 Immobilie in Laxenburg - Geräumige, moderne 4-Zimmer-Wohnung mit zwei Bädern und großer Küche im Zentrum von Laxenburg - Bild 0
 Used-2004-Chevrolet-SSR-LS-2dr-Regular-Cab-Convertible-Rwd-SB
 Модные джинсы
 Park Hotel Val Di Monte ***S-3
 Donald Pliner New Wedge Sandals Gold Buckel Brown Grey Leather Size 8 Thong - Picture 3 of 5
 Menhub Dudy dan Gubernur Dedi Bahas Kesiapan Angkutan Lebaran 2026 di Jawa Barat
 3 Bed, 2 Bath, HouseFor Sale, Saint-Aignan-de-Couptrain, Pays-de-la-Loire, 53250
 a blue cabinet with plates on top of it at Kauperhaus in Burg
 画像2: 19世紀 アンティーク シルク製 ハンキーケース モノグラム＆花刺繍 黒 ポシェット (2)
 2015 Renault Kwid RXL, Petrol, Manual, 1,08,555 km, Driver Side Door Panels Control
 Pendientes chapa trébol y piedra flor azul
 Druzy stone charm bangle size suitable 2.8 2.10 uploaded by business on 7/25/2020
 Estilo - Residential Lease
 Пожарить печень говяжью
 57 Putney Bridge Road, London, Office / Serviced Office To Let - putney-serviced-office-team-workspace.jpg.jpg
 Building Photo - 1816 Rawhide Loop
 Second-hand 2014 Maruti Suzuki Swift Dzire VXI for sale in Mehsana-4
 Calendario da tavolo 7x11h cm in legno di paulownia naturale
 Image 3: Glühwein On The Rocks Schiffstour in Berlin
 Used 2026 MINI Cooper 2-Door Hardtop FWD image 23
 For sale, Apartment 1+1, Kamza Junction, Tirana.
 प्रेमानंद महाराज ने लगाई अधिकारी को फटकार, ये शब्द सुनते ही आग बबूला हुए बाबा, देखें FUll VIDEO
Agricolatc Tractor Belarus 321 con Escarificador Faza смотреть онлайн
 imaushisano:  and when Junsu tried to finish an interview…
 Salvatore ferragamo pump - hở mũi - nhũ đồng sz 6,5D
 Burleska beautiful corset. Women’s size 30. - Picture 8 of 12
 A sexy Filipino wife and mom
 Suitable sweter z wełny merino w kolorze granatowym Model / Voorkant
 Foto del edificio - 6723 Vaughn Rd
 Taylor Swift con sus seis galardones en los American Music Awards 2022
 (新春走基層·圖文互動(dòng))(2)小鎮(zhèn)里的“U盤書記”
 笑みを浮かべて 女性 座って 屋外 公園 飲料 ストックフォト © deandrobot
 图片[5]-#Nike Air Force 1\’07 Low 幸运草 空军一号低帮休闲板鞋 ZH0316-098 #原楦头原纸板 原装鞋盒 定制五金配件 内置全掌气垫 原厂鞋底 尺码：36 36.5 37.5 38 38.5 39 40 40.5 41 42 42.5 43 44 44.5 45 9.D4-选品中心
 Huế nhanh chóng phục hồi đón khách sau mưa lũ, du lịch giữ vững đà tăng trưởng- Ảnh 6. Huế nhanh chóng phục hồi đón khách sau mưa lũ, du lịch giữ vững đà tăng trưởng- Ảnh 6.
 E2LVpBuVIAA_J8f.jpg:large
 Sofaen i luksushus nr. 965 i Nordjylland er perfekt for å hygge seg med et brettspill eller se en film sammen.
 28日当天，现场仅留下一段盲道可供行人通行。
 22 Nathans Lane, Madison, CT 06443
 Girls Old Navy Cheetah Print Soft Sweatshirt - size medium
= = =
• DIRECTIONS:
Beginning with the line that holds "Taylor Swift con" and ending with the last line of the listing, output every line exactly. Leave out everything else.

• ANSWER FOR THE TASK:
 Taylor Swift con sus seis galardones en los American Music Awards 2022
 (新春走基層·圖文互動(dòng))(2)小鎮(zhèn)里的“U盤書記”
 笑みを浮かべて 女性 座って 屋外 公園 飲料 ストックフォト © deandrobot
 图片[5]-#Nike Air Force 1\’07 Low 幸运草 空军一号低帮休闲板鞋 ZH0316-098 #原楦头原纸板 原装鞋盒 定制五金配件 内置全掌气垫 原厂鞋底 尺码：36 36.5 37.5 38 38.5 39 40 40.5 41 42 42.5 43 44 44.5 45 9.D4-选品中心
 Huế nhanh chóng phục hồi đón khách sau mưa lũ, du lịch giữ vững đà tăng trưởng- Ảnh 6. Huế nhanh chóng phục hồi đón khách sau mưa lũ, du lịch giữ vững đà tăng trưởng- Ảnh 6.
 E2LVpBuVIAA_J8f.jpg:large
 Sofaen i luksushus nr. 965 i Nordjylland er perfekt for å hygge seg med et brettspill eller se en film sammen.
 28日当天，现场仅留下一段盲道可供行人通行。
 22 Nathans Lane, Madison, CT 06443
 Girls Old Navy Cheetah Print Soft Sweatshirt - size medium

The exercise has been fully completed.